Thursday, April 29, 2010

Notes on Software Design, Chapter 0: What?

As an author, I've learnt that the introduction is best written last, when text has unfolded, and you really know what your paper is about.
I'm far from that stage with my Notes on Software Design, but I see things clearly enough now that I can write a reasonable introduction, hence the Chapter 0, coming after Chapter 5.

It all starts with the realization that software is just a material, and software design (at any level) is an act meant to give shape (or form) to the material. Software, however, is not a physical material, so we can't borrow on traditional disciplines to seek guidance. Well, sort of.

What do we know about physical materials?
I'm not trying to write an essay on Materials science, so I'll focus on a few central issues here.

Materials have well defined properties. Examples of properties are Electrical conductivity, Coefficient of thermal expansion, Hygroscopy, and so on.

Properties enrich our language and make reasoning more effective (Donald Norman would say that properties "make us smart"). Arguments based on well-defined properties are more robust and don't lead to endless debates. "This material has high hygroscopy, so keep it away from moisture". Period.
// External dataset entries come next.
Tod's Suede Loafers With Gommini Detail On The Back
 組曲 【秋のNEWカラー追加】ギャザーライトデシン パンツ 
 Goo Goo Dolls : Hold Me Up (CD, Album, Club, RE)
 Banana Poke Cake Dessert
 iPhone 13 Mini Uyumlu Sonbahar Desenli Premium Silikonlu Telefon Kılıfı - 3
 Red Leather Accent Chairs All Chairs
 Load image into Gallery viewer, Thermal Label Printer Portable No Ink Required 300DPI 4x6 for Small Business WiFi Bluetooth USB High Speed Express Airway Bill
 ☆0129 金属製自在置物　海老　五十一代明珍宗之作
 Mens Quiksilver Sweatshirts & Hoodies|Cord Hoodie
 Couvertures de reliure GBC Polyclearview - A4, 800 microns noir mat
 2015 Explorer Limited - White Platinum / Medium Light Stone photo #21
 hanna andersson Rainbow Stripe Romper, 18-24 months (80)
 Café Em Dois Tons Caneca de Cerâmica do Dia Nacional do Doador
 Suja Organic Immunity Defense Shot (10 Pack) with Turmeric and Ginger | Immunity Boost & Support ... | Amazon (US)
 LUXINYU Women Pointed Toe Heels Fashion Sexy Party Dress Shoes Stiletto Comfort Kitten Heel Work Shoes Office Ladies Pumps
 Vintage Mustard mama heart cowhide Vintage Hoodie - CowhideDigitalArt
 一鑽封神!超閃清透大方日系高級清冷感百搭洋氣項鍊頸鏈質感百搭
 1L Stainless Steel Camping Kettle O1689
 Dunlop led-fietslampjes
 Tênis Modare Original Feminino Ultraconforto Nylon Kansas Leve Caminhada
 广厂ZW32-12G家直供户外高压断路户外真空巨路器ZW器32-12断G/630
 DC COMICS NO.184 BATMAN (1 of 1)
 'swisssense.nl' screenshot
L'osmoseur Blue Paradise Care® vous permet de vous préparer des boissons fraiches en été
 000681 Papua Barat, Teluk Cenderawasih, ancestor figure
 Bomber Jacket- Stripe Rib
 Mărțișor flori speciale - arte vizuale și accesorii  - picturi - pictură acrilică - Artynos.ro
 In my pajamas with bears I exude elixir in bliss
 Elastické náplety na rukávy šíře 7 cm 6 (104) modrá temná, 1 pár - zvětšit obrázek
No debate.

Properties allow to focus: I need to sustain high compression. Therefore, I need high compressive strength. Etc.

Properties allow to select the best materials. Elasticity is required if you want your material to come back to its original shape after stress. Actually, if you know the stress, you can pick the best material, based on a set of criteria, defined by the target product. An important criterion, of course, would be cost.

Properties provide guidance while shaping the material. In fact, we even have manufacturing properties, like castability (see the wikipedia page above on material properties).

Now, properties are well-defined when they are based on replicable, experimental observations. Most often, they are based on both a quantitative measurement process and on a physical theory of matter.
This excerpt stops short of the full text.